ECLI:NL:RBNHO:2020:4995
Rechtbank Noord-Holland
- Eerste aanleg - enkelvoudig
- Rechtspraak.nl
Navorderingsaanslag inkomstenbelasting en premie volksverzekeringen in strijd met correctiebeleid
In deze zaak heeft de Rechtbank Noord-Holland op 10 juli 2020 uitspraak gedaan in een geschil tussen eiseres, [X], en de inspecteur van de Belastingdienst. Eiseres had een navorderingsaanslag inkomstenbelasting en premie volksverzekeringen (IB/PVV) ontvangen voor het jaar 2012, berekend naar een belastbaar inkomen uit werk en woning van € 8.776 en een belastbaar inkomen uit sparen en beleggen van € 980. Na een hoorgesprek op 4 mei 2018 werd de navorderingsaanslag op 10 augustus 2018 verminderd tot een belastbaar inkomen van € 8.933. Eiseres heeft hiertegen beroep ingesteld, dat op 4 september 2018 door de rechtbank is ontvangen.
De rechtbank heeft vastgesteld dat de navorderingsaanslag is opgelegd in strijd met het correctiebeleid, wat heeft geleid tot de vernietiging van de navorderingsaanslag en de beschikking belastingrente.
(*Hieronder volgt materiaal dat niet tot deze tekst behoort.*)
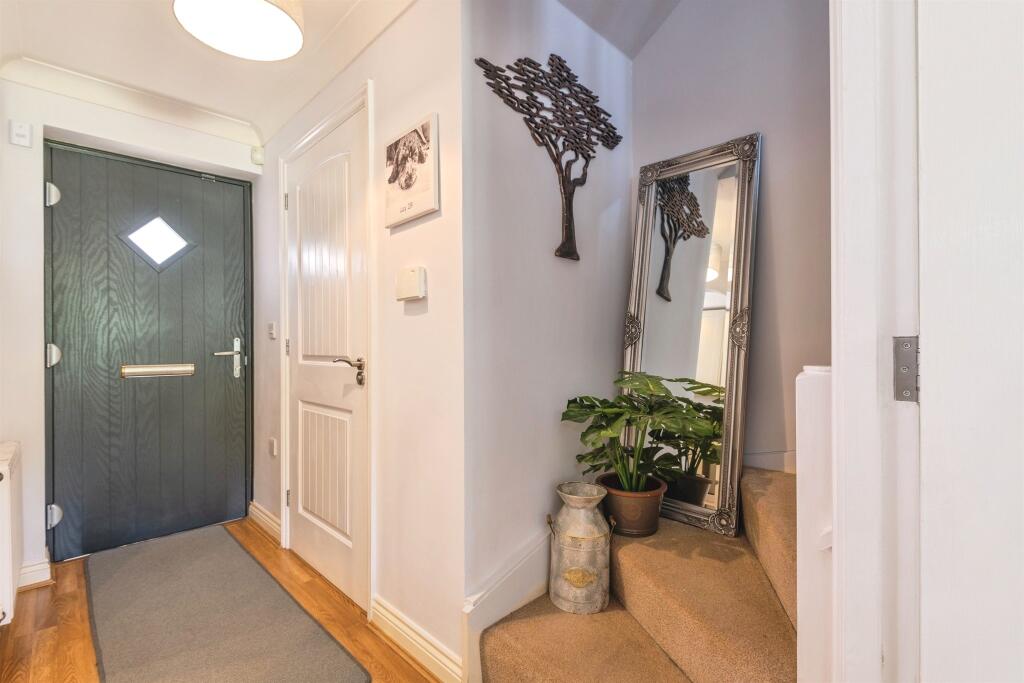 House in Taunton, Williton - View 4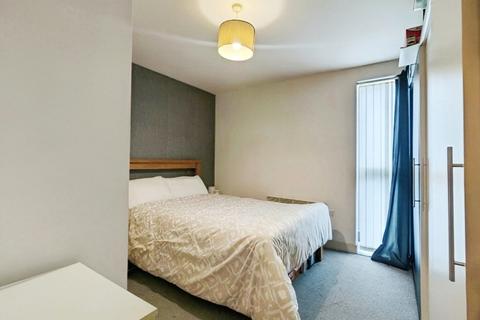1 bedroom flat for sale, Vie Building, Castlefield, Manchester, M3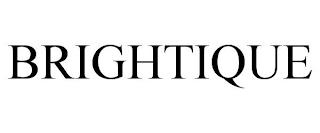 BRIGHTIQUE trademark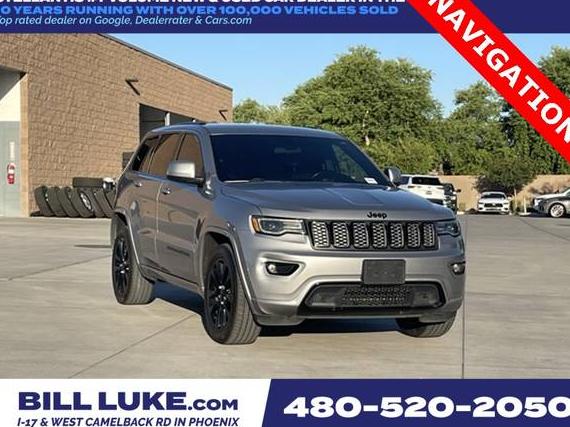 JEEP GRAND CHEROKEE 2021 1C4RJEAG0MC739516 image
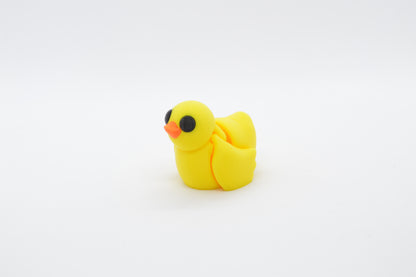 Mini Ducky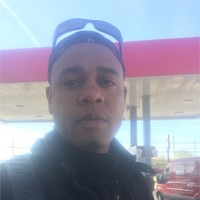 Hawks Landscape Employee Andre Tillman's profile photo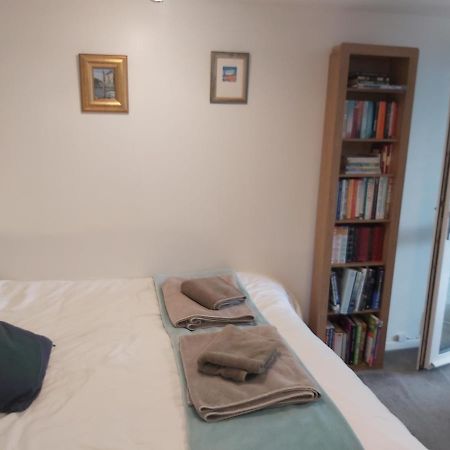 Garden Apartment 牛顿阿伯特 外观 照片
Eiseres heeft ook verzocht om een immateriële schadevergoeding vanwege de overschrijding van de redelijke termijn van twee jaar. De rechtbank heeft geoordeeld dat de redelijke termijn met 11 maanden is overschreden, wat resulteert in een schadevergoeding van € 1.000, waarvan € 454,54 door verweerder en € 545,45 door de Staat moet worden betaald.
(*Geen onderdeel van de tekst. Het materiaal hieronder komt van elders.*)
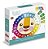 Brinquedo Educativo Alfabeto Do Leãozinho Babebi - Imagem 2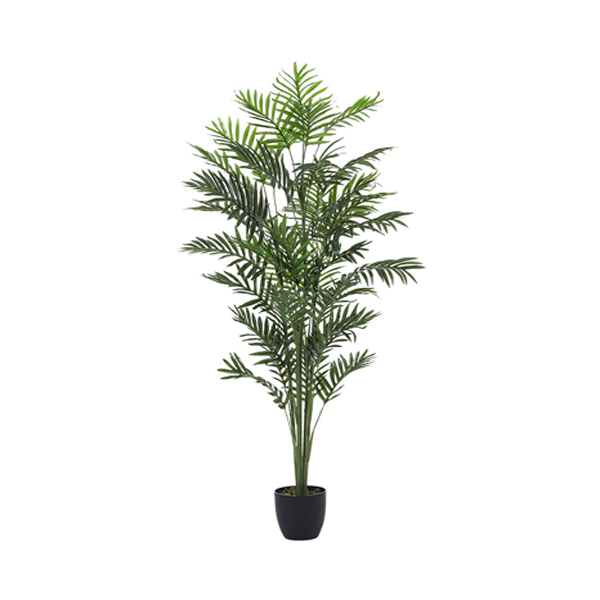 Livingandhome Artificial Dypsis Lutescens Decorative Plant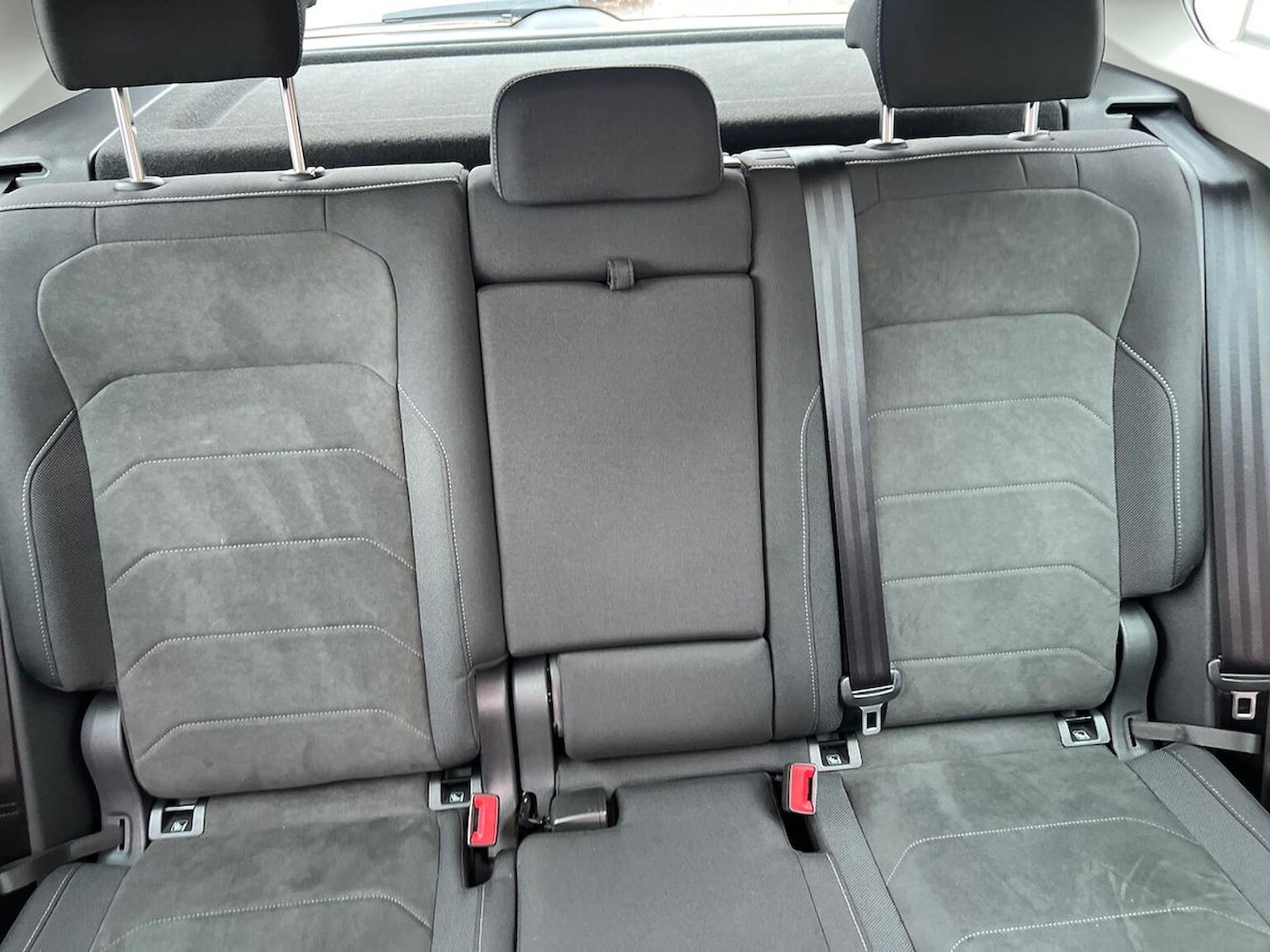 Used Volkswagen Tiguan 2023 for sale - 76412456: Photo 16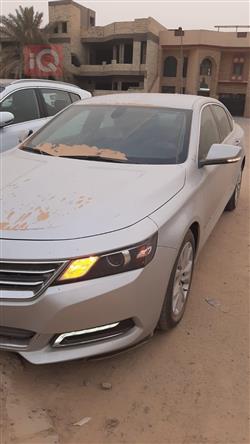 شيفروليه امبالا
De rechtbank heeft het beroep gegrond verklaard, de uitspraak op bezwaar vernietigd, en verweerder veroordeeld in de proceskosten van eiseres tot een bedrag van € 1.572. De uitspraak is gedaan door mr. B. van Walderveen, in aanwezigheid van mr. M.C. Anema, griffier. De beslissing is niet op een openbare zitting uitgesproken vanwege coronamaatregelen, maar zal alsnog openbaar worden gemaakt zodra dat mogelijk is.